A particular problem in information retrieval is that of obtaining data from an evolving dataset, independent of the time at which that item of data was added, changed or removed. To permit such time-independent queries to be performed over evolving RDF datasets, I have developed two new pieces of open source software, time-agnostic-library [1] and time-agnostic-browser [2], that are now available from the OpenCitations GitHub repository.

The time-agnostic-library is a Python library to perform live time-traversal queries on RDF datasets. Time-traversal means being agnostic about time: a SPARQL query that is not run on the current state of the collection but over its entire history or over a specified timespan of that history [3]. This tool allows materializations – obtaining all versions of an entity over time, or its status at a given time. Furthermore, SPARQL queries can be performed to get the delta between two or more versions of one or more resources. Thereby, the time-agnostic-library realizes all the retrieval functionalities described in the taxonomy by Fernández et al. [3].

To complement this query software, the time-agnostic-browser is a web application built on top of the time-agnostic-library to achieve the same results via a graphical user interface.

The primary purpose of these developments is to offer a system for browsing the provenance [4] of RDF statements across time: who produced them, when, where the information was taken from, and what changes were made compared to the previous state of the resource. Knowledge of such information is essential because data changes over time, either because of the natural evolution of concepts or due to the correction of mistakes. Indeed, the latest version of knowledge may not be the most accurate. Such phenomena are particularly tangible in the Web of Data, as highlighted in a study by the Dynamic Linked Data Observatory, which noted the modification of about 38% of the nearly 90,000 RDF documents monitored for 29 weeks, and the permanent disappearance of 5% of them [5] (Figure 1).

Figure 1. Donut chart showing the results of the study conducted by the Dynamic Linked Data Observatory on the evolution of RDF documents [5].

Additionally, the truthfulness of data cannot be assessed without provenance records and a system to query them.
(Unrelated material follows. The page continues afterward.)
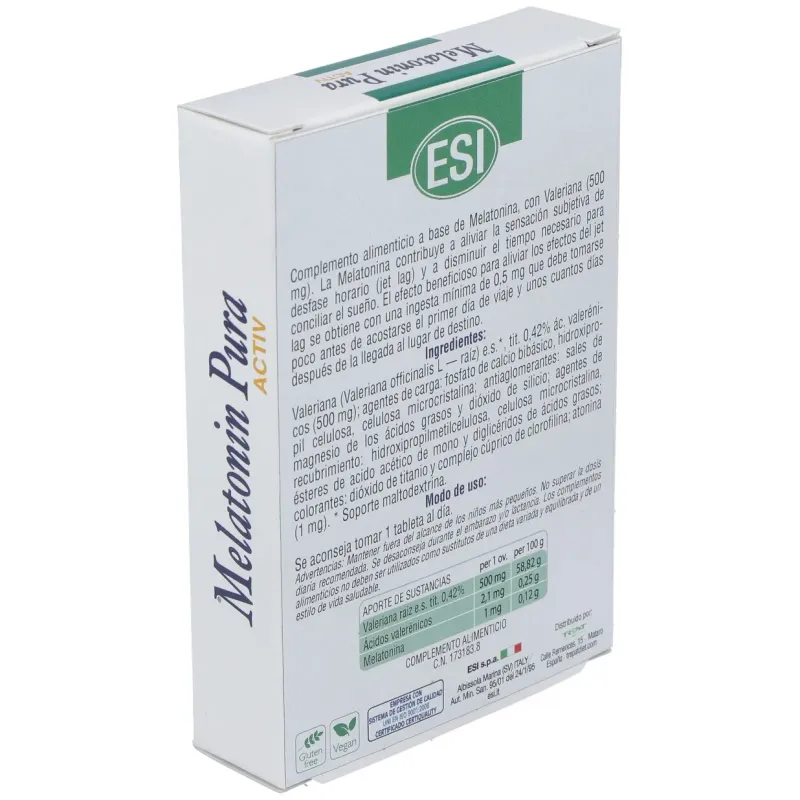 Melatonin Activ 1 mg | Farmacia Barata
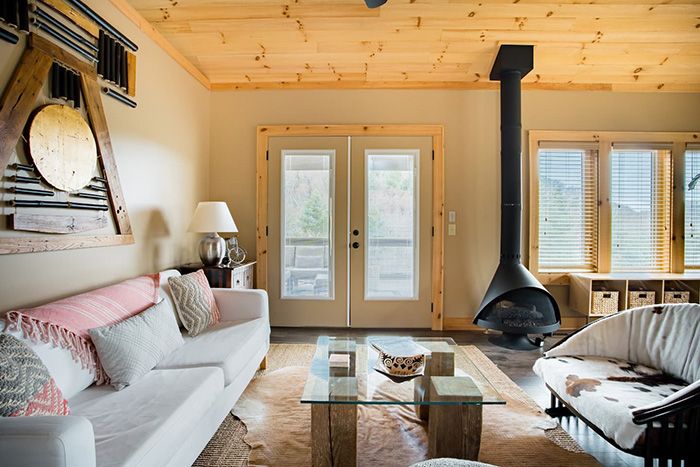 Serene Home with Mountain Views living room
In fact, the truth value of an assertion on the Web is never absolute, as demonstrated by Wikipedia, which in its official policy on the subject states: “The threshold for inclusion in Wikipedia is verifiability, not truth.” [6]. The Semantic Web does not alter that condition, and trustworthiness has to be evaluated by each application by probing the context of the statements [7]. It is a challenging task and thus, in the Semantic Web Stack, trust is the highest and most complex level to satisfy, subsuming all the previous ones (Figure 2).

Figure 2.The Semantic Web layers [7]. Trust is the uppermost level of the stack, subsuming all the others.
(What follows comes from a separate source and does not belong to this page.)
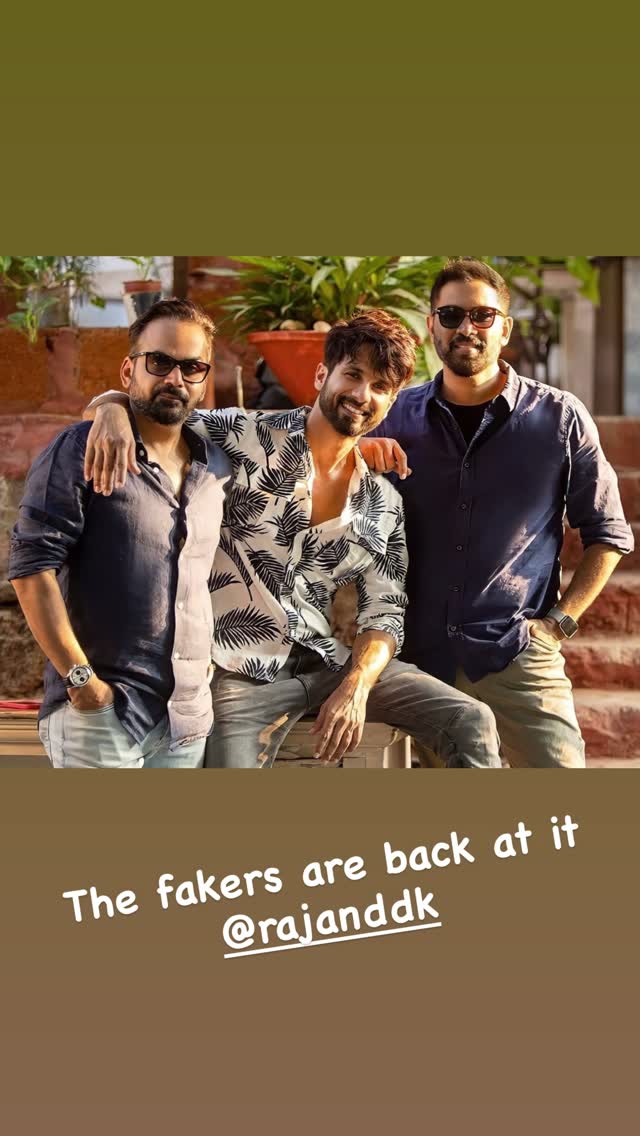 Shahid Kapoor's Instagram story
Notwithstanding these premises, at present the most extensive RDF datasets – DBPedia [8], Wikidata [9], Yago [10], and the Dynamic Linked Data Observatory [11] – do not use RDF to track changes and record the provenance of such changes. Instead, they all adopt backup-based archiving policies. Some of them, such as Yago 4, record provenance but not changes. As far as citation databases are concerned, OpenCitations is the only infrastructure to implement change-tracking mechanisms and to record full RDF provenance records for each data entity. Among the leading players in this field, neither Web of Science nor Scopus have adopted similar solutions.

In accordance with the OpenCitations Data Model (OCDM) [12], a provenance snapshot is generated by OpenCitations every time a bibliographical entity is created or modified. Each snapshot (prov:Entity) records the responsible agent (prov:wasAttributedTo), the generation time (prov:generatedAtTime), the invalidation time (prov:invalidatedAtTime), the primary source (prov:hadPrimarySource), and a link to the previous snapshot (prov:wasDerivedFrom), using terms from the Provenance Ontology. In addition, OCDM introduced a system to simplify restoring an entity’s status at a given time, by saving the delta between two versions as a SPARQL update query (prov:hasUpdateQuery) [13] (Figure 3). This approach enables one to restore an entity to a specific timepoint (snapshot) in a straightforward way by applying the inverse operations, i.e., deletions instead of additions, etc.

Figure 3. Provenance in the OpenCitations Data Model.

This solution is concretely used in all the datasets related to the OpenCitations infrastructure, such as COCI, an open index containing almost 1.2 billion DOI-to-DOI citation links derived from the open reference data available in Crossref [14]. It is important to note that this OpenCitations provenance model is generic and reusable in any other context. Since the time-agnostic-library leverages OCDM, it too is generic and can be used for any RDF dataset that tracks changes and provenance as OpenCitations does.

The time-agnostic-library is released under the ISC license and is downloadable through pip [1]. Test-driven development was adopted as a software development process during its creation [15]. It makes three main classes available to the user: AgnosticEntity, VersionQuery, and DeltaQuery, for materializations, version queries, and delta queries, respectively (Listing 1).

Listing 1. Code template to achieve materializations, time-traversal queries, and delta queries.

All three operations can be performed over the entire available history of the dataset, or by specifying a time interval via a tuple in the form (START, END).

The time-agnostic-browser [2] is also released under the ISC license and can be run as a Flask application. It is organized into two macro-sections: “Explore” and “Query”. In the former, a text input accepts a URI. By submitting it, the entire history of the corresponding resource is displayed. In the latter, a text area receives a SPARQL query, which is resolved on all dataset states. Its main added value is hiding the triples and the complexity of the underlying RDF model: predicate URIs, as well as subjects and objects, appear in a human-readable format. Moreover, all the entities are displayed as links, providing shortcuts to reconstruct the history of the related resources (Figure 4).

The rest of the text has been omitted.